Mais tout de même: le signal est réel. Et il témoigne, peut-être, d’une volonté forte de la part du sélectionneur de sécuriser son gardien titulaire, lequel démontre encore parfois d'étonnants signes de nervosité, malgré son immense talent et son caractère, l’une de ses grandes forces.
Le fait est que le successeur de Yann Sommer, puisqu’il faut bien l’appeler ainsi au risque de l’irriter, ne tient pas encore véritablement son match référence avec la Nati, depuis son intronisation après l’Euro 2024. Il n’a pas été catastrophique en Ligue des Nations, et son statut de numéro 1 ne se discute pas, mais la vérité est qu’il n’a pas été brillant non plus et ne démontre pas, aujourd’hui, que la Suisse a franchi un palier avec lui.

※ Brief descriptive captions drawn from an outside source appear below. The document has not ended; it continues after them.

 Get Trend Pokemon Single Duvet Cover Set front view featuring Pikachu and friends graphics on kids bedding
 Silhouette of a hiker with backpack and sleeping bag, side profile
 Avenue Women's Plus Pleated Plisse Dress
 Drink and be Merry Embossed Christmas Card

Son jeu au pied est toujours une faiblesse par rapport à Yann Sommer et, s’il prend de la place dans les buts, il n’a pour l’heure pas démontré non plus pouvoir rapporter des points à lui tout seul. Aucun blanchissage en onze sélections («Je sais que c’est un thème de discussion pour vous», a-t-il contré en conférence de presse ce lundi à Nashville) et aucune «partie parfaite» pour l’instant, voilà qui aurait de quoi saboter la confiance de beaucoup de portiers. Mais pas la sienne.

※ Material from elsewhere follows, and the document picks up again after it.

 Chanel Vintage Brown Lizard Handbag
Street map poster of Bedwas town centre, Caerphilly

A sa décharge, un manque flagrant d'automatismes
Cette place de numéro 1, il l’a voulue, il l’a, et il a insisté sur un point précis, qui mérite d’être entendu: le nombre élevé de changements dans la défense de la Nati depuis son intronisation. Les blessures de plusieurs joueurs, les suspension, la retraite de Fabian Schär, les changements de système tactique… Rien n’a été pensé pour faciliter la tâche d’un gardien qui a besoin, comme chaque joueur, d’automatismes pour être performant. Gregor Kobel, à 27 ans, doit encore se faire sa place et il aura donc (sans doute…) une autre occasion de se rapprocher de cet objectif face aux Etats-Unis, même si là aussi, il faudra s’attendre à un peu de rotation devant lui en défense, voire même à beaucoup.

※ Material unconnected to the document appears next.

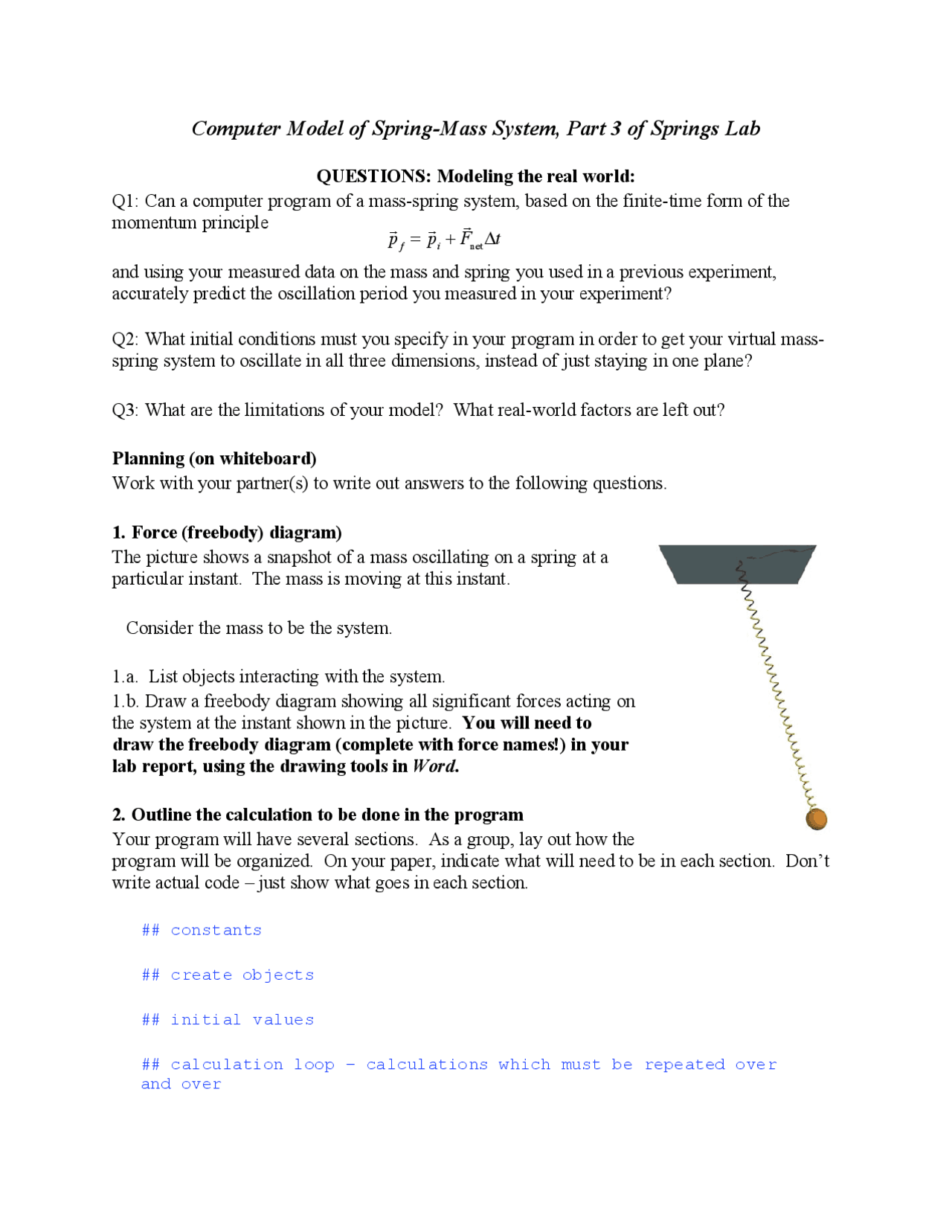 Computer Model of Spring-Mass System, Part 3 of Springs Lab | PHYS 0475 ...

Et puis, bien sûr, qui dit équipe nationale, dit aussi cote de popularité auprès du grand public, pas uniquement des spécialistes. Et sur ce plan-là, Gregor Kobel sait qu’il part battu d’avance face à Yann Sommer, ce qui ne représente aucun espèce d’intérêt lorsque le match a débuté, mais fait peser sur ses épaules une prestation supplémentaire en dehors, surtout lorsque son prédécesseur atteint la finale de la Champions League en éliminant Barcelone…
Une histoire à écrire
Gregor Kobel le sait, c’est à lui d’écrire son histoire avec la Nati, et celle-ci débutera vraiment dès le mois de septembre lors des qualifications à la Coupe du monde. Il le sait, il sera très attendu. Aucune chance que cela lui fasse peur. Mais il devra assurer, sous peine de devenir le premier gardien à manquer la qualification pour une grande compétition depuis 2012 et un certain Diego Benaglio. Car oui, Yann Sommer a toujours mené la Suisse à l’Euro ou à la Coupe du monde, sans interruption. S'il veut enfin cesser d'entendre parler de son prédécesseur, Gregor Kobel sait ce qu'il lui reste à faire.